A notable aspect of the Texas settlement is the monetary payment by Google — $8 million is going to Texas alone, compared to the combined $9 million Google paid when settling with the FTC and the states of Arizona, California, Georgia, Illinois, Massachusetts, and New York last November. Given the coordination of all the states and FTC on the settlement with iHeartMedia, it is notable that when it came to Google, Texas went at it alone, first by filing suit separate from the multistate effort and then reaching a separate settlement that included significantly more money for Texas than the other states received.

The phenomena of a state holding out from a multistate settlement to obtain a better result, especially when that state is currently in litigation, is not new.
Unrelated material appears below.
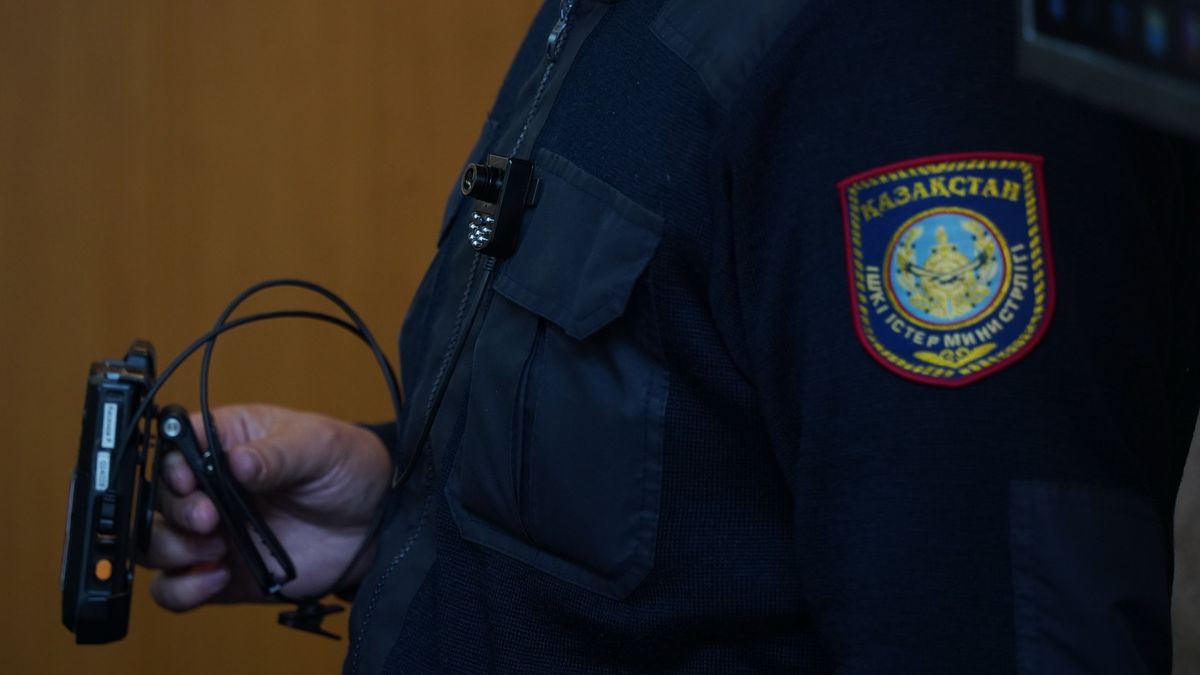 Казахстанка заявила о наказании "за смех": в МВД сделали заявление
In rare situations (most recently in opioid and vaping settlements), Attorneys General have been persuaded to use “most favored nation” clauses in their multistate settlements to help discourage a state from holding out for more money later, but these have been few and far between. This is because ultimately each state is a sovereign entity – a fact that can sometimes be easily overlooked during the course of a multistate negotiation where a small group of states may seemingly be speaking for the whole. At the end of the day, each state will do what is in the best interest of their office and their constituents, which may vary.

Here, Texas’ motivation for holding out may be part of AG Paxton’s efforts to reign in “Big Tech.”  While all states are actively engaged in the space, Texas has been a leader in these efforts.  Indeed, the Texas AG website has a page devoted to “Big Tech,” which explains why people should be concerned about big technology companies and what the AG is doing about it. And although it settled with Google over these endorsements, it still has at least three other pending lawsuits against Google – challenging its dominance in the adtech chain, accusing it of violating the state’s biometrics laws, and alleging deceptive practices related to location tracking (another example where Texas sat out on a multistate settlement).

When faced with an investigation by multiple Attorneys General, it is critical to understand the objectives and priorities of each office involved, and recognize they may change from state to state. While getting true global peace may be an impossible challenge in some instances, having a deep understanding of each office involved is the best way to find a path to resolution.